It is worth noting that RELATE and tsinfer have one major similarity in that they both use approaches based on Li-and-Stephens algorithm [111] to estimate ancestral relatedness. In principle, RELATE and tsinfer could be combined into a hybrid model where tsinfer is run as a preprocessing step to group individuals by their relatedness due to its scalability in handling sample sizes up to millions of samples, then RELATE is used for branch-length inference and refining topologies.
ARGs and gene trees to infer selection
The coalescent [49] provides an elegant framework for studying patterns of genetic variation. As noted above, the coalescent process traces lineages backwards in time until they have all converged on their most recent common ancestor (MRCA). A major attraction of the coalescent is its modularity in terms of separating the genealogical history from the neutral mutation process. This property allows the coalescent tree to be generated first, then the neutral mutations to be superimposed on the tree. The basic coalescent model accounts for genetic drift assuming no recombination. However, extensions have been introduced to account for myriad other factors such as recombination [47,102] and complex demography [116-120].
When selection is present, however, the coalescent model becomes far more difficult to characterize because the coalescence and mutation processes are no longer independent. The ambitious endeavor of extending the coalescent to the setting of both mutation and selection at a non-recombining locus was undertaken by Krone and Neuhauser [121,122]. Their solution involved embedding the gene tree in another graph known as the ancestral selection graph, which distinguished between alleles having different selection coefficients. Using this graph, they were able to integrate out the population allele frequency and the genealogy. One drawback of this approach is that the size of the graph tends to grow with the selection coefficient, making the simulation of strong selection difficult. The original work by Krone and Neuhauser did not allow for direct inference of model parameters from data, but subsequent efforts have attempted inference based on this framework [123].

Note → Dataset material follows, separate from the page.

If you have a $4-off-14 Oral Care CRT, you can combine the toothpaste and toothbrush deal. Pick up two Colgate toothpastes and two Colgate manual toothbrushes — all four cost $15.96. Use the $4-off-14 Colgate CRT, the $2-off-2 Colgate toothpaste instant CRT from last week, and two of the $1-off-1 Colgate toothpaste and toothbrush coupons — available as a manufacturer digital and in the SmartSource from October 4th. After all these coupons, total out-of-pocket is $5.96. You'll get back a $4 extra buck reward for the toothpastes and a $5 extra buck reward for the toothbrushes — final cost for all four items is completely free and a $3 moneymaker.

An alternative way to accommodate selection in the coalescent is by explicitly considering the frequency trajectory of the allele under selection as characterized using diffusion theory [124]. For example, Kaplan et al. derived the distribution of the coalescent tree conditioned on the frequency trajectory of the selected allele [125]. This generative framework can be extended to inference from data by treating both the allele frequency trajectory and the coalescent tree conditional on that trajectory as “hidden” or “latent” variables. Following this approach, Coop and Griffiths introduced a method to approximate the full likelihood of the selection coefficient by integrating over both of these hidden layers in the setting of a single non-recombining locus [126]. They estimated the likelihood using an importance sampling scheme to marginalize out the allele frequency trajectory and the conditional genealogy for a particular selection parameter.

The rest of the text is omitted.